§ WHAT IS EXPECTED: Give the data below again exactly as written, but without the pictures.

§ GIVEN DATA:
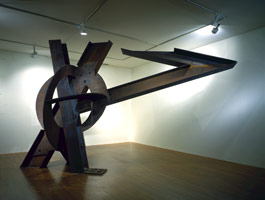 Mark di Suvero / 
Caramba!, 1984 - 90 / 
steel / 
144 in (365.8 cm)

§ RESPONSE TO THE TASK:
 Mark di Suvero / 
Caramba!, 1984 - 90 / 
steel / 
144 in (365.8 cm)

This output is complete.